The rate of inflation has reached the highest level in nearly 13 years as President Biden has unleashed the money printers to pay people to stay unemployed, therefore increasing the overall money supply while overall decreasing production – two pathways that raise prices.
Bloomberg News reported that the Labor Department announced Wednesday, “The consumer price index increased 0.8% from the prior month, reflecting gains in nearly every major category and a sign burgeoning demand is giving companies latitude to pass on higher costs.”
The inflation rate doubled the highest projection in a Bloomberg survey of economists. So, yet again, Biden has lived up to the legends of his ability to cause an economy to only underperform.
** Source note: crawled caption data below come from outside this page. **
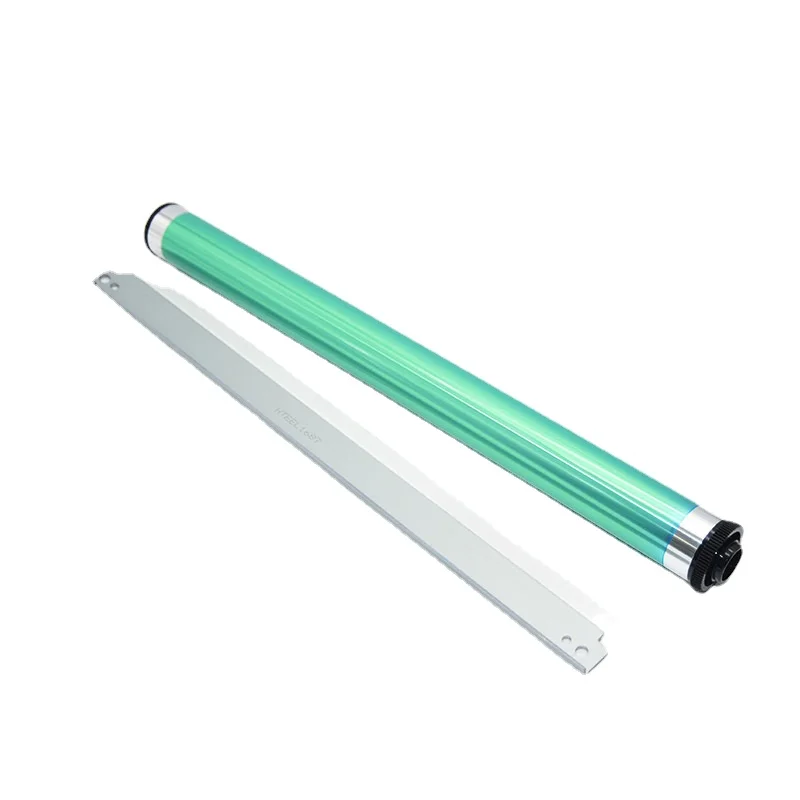 MJL 5Sets OPC Drum+Drum Cleaning Blade for Konica Minolta Bizhub C220 C224 C280 C284 C360 C364 C454 C554 C7728 C7722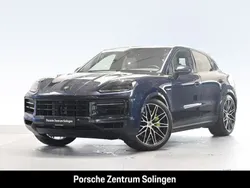 Blau Gebraucht 2023 Porsche Cayenne SUV | 105.790 € (Guter Preis)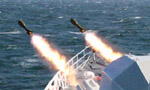 North China Sea Fleet conducts anti-submarine drill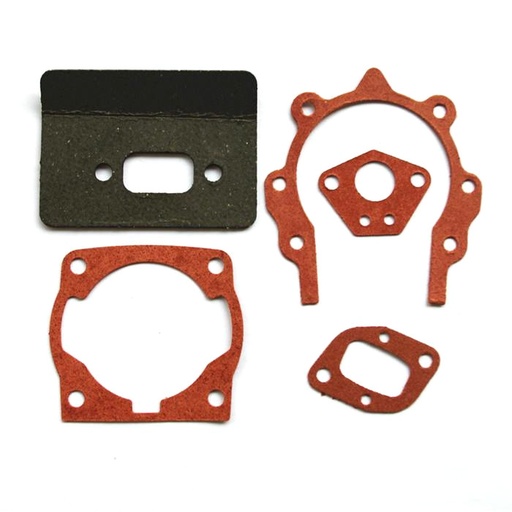 [TBSP-BC-CG2431B-E51] E51 KIT EMPAQUES MOTOR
As previously reported after Biden managed to increase the unemployment rate while adding 750,000 jobs less than projected, “The economy under President Biden has defied expectations as economists are consistently surprised at how poorly the Biden economy is able to perform.”
— Bloomberg Markets (@markets) May 12, 2021
After the announcement the Washington Post tried to manipulate the numbers by removing the effects of gasoline and food prices on inflation, posting a graph titled “Inflation looks even tamer after removing the effects of volatile gasoline and food prices.”
Author Matt Palumbo replied to the graph on Twitter, writing, “Wow, if you exclude all the items whose prices are rising, inflation isn’t that big a deal after all!”
Wow, if you exclude all the items whose prices are rising, inflation isn't that big a deal after all! pic.twitter.com/IUrpnRsPu2
— Matt Palumbo (@MattPalumbo12) May 12, 2021
Additionally, when using the criteria the Washington Post used in their graph, the increase in inflation rate ends up being the highest since 1982 – which can only be described as “even tamer” when manipulating the definition of “tame” as much as the Washington Post manipulated numbers for their graph.